It’s a Common Problem
Here’s a little confidence boost for people who feel real stressed about constantly having a hard time keeping up with their deadlines. If it’s always a rush for you, or au contraire – you’re always drawing a way too broad safe line(underestimating yourself or your team is as bad as overestimating, actually), you’re not alone in this. 9 out 10 project managers admit time estimation to be a painful issue, reporting whole 7 projects out of 10 missing their schedule or man-hours budget. And we’re talking about experienced professionals with formal training in time estimation having it tough when it comes to drawing a clear deadline.
If you still think it a small comfort, it would be fair to define the margins of a critical deviation from your initial deadline and a minor overrun that is considered to be ‘okay’. Here’s another surprise for you – multiple surveys prove that a 40% drift from the original estimates is nothing extraordinary. The funny thing is – those numbers have been very consistent throughout the years, with no sign of dawn coming anytime soon.

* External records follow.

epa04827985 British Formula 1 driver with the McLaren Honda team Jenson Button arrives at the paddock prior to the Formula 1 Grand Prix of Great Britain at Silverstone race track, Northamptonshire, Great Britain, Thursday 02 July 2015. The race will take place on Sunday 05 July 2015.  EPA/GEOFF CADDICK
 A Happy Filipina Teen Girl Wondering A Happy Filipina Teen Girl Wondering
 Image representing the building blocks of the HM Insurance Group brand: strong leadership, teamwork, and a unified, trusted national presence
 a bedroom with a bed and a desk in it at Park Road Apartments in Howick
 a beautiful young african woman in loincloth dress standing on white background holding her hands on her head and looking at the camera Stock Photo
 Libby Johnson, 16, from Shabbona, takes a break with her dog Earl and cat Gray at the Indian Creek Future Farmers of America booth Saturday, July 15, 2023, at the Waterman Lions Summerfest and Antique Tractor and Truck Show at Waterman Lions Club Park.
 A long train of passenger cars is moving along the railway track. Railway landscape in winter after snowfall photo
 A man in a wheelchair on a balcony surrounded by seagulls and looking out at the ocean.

So what’s causing the time estimates and hence the deadlines to be so inaccurate? Long story cut short, managers blame clients for constantly calling changes and clients retort with accusations of not giving them a clear enough picture of the work they’re doing. Among less bias reasons, there’s a simple fact that even a simple job has a lot of dependencies and some pitfalls that are hard to predict and easy to overlook. In a way, it’s like fortune telling – you can’t process details that you yet can’t know of. And that’s what makes drawing a deadline so difficult. Bottom line: there’s no denying the importance of a good prediction, but it’s always a shot in the dark. You could stop right here, but I promise you it will be small comfort if you try to communicate that summary as an excuse for failing all deadlines to your boss, your team or your client.
Two Ways to Draw One Line
There are dozens of estimation methods practiced worldwide, but essentially they’re just one of the two stories: the expert way to draw a deadline or the formal one. First, let’s see what either of them is about and then try to tell which one is better.
There’s the expert way – all predictions are made by human experts based on their experience and… gut feeling. It’s often called a ‘guesstimate’ – and you’ll trust us when we tell you it’s for good reason.
The best perk of this ‘human’ approach is how agile it is. A seasoned specialist can make a pretty accurate evaluation of their (and their colleagues’) day-to-day performance and call in some changes in good time. Unless they get too cocky, which is a real problem.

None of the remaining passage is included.